在留資格「技術・人文知識・国際業務(技人国)」とは?
技術・人文知識・国際業務は、専門的な知識や技術、あるいは外国の文化に基盤を持つ考え方・感受性を活かして日本で働くための在留資格です。就労ビザの中でも、対象となる職種が幅広く、多く利用されている在留資格のひとつです。
- 「技術」:理学・工学など自然科学の分野の技術や知識を要する業務。エンジニアや技術者などが典型です。
- 「人文知識」:法律学・経済学・社会学など人文科学の分野の知識を要する業務。経営企画、営業、経理、コンサルティングなどが該当します。
- 「国際業務」:外国の文化に基盤を持つ思考や感受性を必要とする業務。翻訳・通訳、語学教師、海外取引業務、デザインなどが該当します。
技人国の対象となる職種
技人国ビザで働ける職種は幅広く、該当例として、機械工学等の技術者、通訳、デザイナー、私企業の語学教師、マーケティング業務従事者などが挙げられています。3分野ごとに、代表的な職種の例を整理すると次のとおりです。
| 業務の性質 | 職種の例 |
|---|---|
| 自然科学(理学・工学など)の技術・知識を要する業務 | システムエンジニア、プログラマー、機械・電気・建築などの技術者、生産技術・開発職 など |
| 人文科学(法律学・経済学・社会学など)の知識を要する業務 | 営業、経営企画、人事、総務、経理、金融関連業務、マーケティング、法務、コンサルティング など |
| 外国の文化に基盤を持つ思考・感受性を必要とする業務 | 翻訳・通訳、海外取引業務、語学教師(私企業)、デザイナー、広報・宣伝、海外向けの企画業務 など |
いずれの職種も共通しているのは、専門的な知識・技術や、外国人ならではの語学力・感受性を活かす仕事であるという点です。
技人国ビザの主な要件
在留資格「技人国」を取得するには、主に次の要件を満たす必要があります。ここでは概要のみ解説します。
業務内容が在留資格に該当する
従事する仕事が、上で説明した「技術・人文知識・国際業務」のいずれかに当てはまることが前提です。
学歴または実務経験の要件を満たす
従事する仕事の内容に関連する分野を専攻し、大学(短大を含む)を卒業しているか、日本の専門学校を卒業して「専門士」などの称号を得ていることが基本です。学歴で満たせない場合は、実務経験で代える方法もあり、目安は「技術・人文知識」分野で10年以上、「国際業務」分野で3年以上です。
報酬が日本人と同等額以上であること
外国人であることを理由として、不当に日本人より低い報酬にすることは認められていません。
受入れ企業の事業が安定ている
雇用する企業の規模や経営状況に応じて、提出書類が変わります(カテゴリー制度)。
これらの要件は細かく、個々のケースによって判断が異なります。正確な要件は、必ず出入国在留管理庁や専門家にご確認ください。
「単純労働」はなぜ認められないのか
技人国ビザで特に注意が必要なのが、いわゆる「単純労働」には従事できないという点です。
技人国ビザは、専門的な知識・技術や外国の文化に基盤を持つ感受性を活かす仕事のための在留資格です。そのため、こうした専門性を必要としない業務は原則として認められていません。たとえば工場のライン作業、商品の梱包、レジ打ちといった単純作業のみに従事することはできません。
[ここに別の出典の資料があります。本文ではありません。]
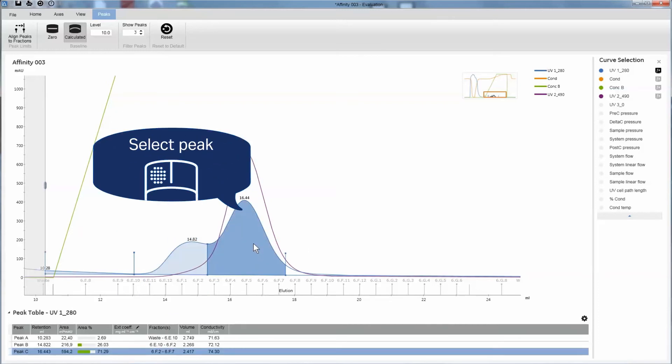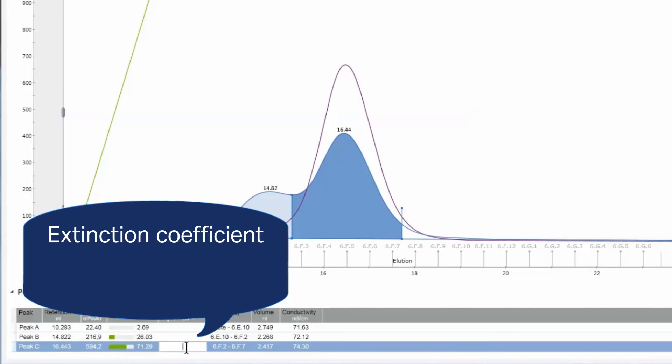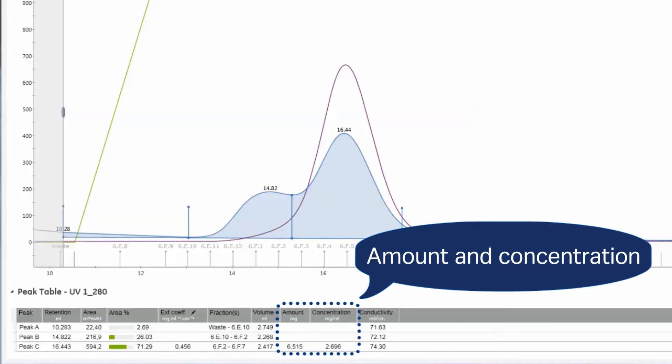It's simple to get the amount and concentration of your target protein. Just enter the extinction coefficient in the peak table, and the results appear automatically.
採用する側の企業も、「専門性を活かせる仕事内容になっているか」という視点で職務内容を整理しておくことが重要です。
日本語能力の必要性
技人国ビザのうち、翻訳・通訳やホテルのフロント業務のような接客など、言語能力を主に使う仕事に従事する場合には、一定の日本語能力を証明する資料の提出が求められることがあります。
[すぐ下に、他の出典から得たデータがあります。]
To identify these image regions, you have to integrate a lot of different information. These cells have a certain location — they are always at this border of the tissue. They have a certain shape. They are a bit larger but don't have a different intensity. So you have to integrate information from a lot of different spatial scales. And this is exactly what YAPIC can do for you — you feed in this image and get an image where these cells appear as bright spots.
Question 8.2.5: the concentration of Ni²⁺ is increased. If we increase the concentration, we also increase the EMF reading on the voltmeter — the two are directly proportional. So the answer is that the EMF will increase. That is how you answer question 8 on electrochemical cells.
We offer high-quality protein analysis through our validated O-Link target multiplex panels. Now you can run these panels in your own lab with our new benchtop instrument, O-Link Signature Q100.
令和8年4月15日以降の申請から、受入れ企業がカテゴリー3または4に該当する場合には、「所属機関の代表者に関する申告書」に加えて、業務上使用する言語についてCEFR・B2相当の言語能力を有することを証する資料の提出が必要とされています。(日本語能力等の言語能力を用いた業務に主に従事する場合)
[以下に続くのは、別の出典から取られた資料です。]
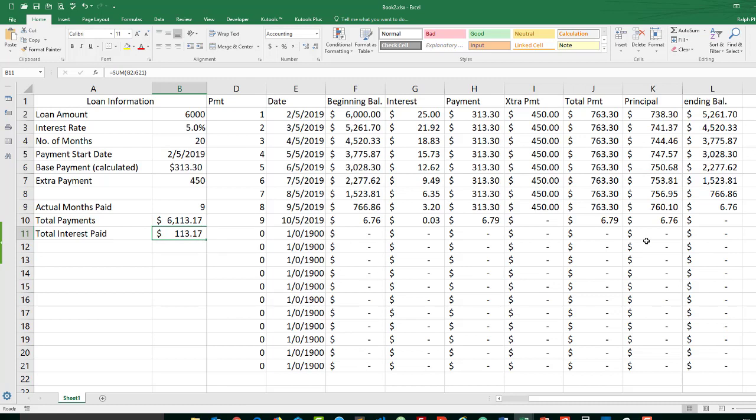In the next video, we'll use some conditional formatting to hide all of these zeroed out cells.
次のいずれかに該当すれば、CEFR・B2相当の日本語能力を有するものとみなされます。
- 日本語能力試験(JLPT)N2以上を取得していること
- BJTビジネス日本語能力テストで400点以上を取得していること
- 中長期在留者として20年以上日本に在留していること
- 日本の大学を卒業した、または日本の高等専門学校・専修学校の専門課程もしくは専攻科を修了していること
- 日本の義務教育を修了し、高等学校を卒業していること
こうした運用は改正・変更されることがあるため、必ず出入国在留管理庁の最新の取扱いを確認するか、専門家にご相談ください。
申請の3つのパターン
技人国に関する手続きは、状況によって次の3つに分かれます。
| 申請の種類 | どのような場合に | 具体例 |
|---|---|---|
| 在留資格認定証明書交付申請 | 海外にいる外国人を新たに採用し、日本に呼び寄せる場合 | 海外在住の人材を採用して来日してもらう |
| 在留資格変更許可申請 | 別の在留資格から技人国ビザに変更する場合 | 「留学」の在留資格を持つ留学生が、卒業後に日本の企業へ就職する |
| 在留期間更新許可申請 | すでに技人国ビザで働いていて、在留期限を延長する場合 | 在留期限を迎える前に更新する |
よくある質問(Q&A)
-
専門学校卒業でも技人国ビザは取れますか?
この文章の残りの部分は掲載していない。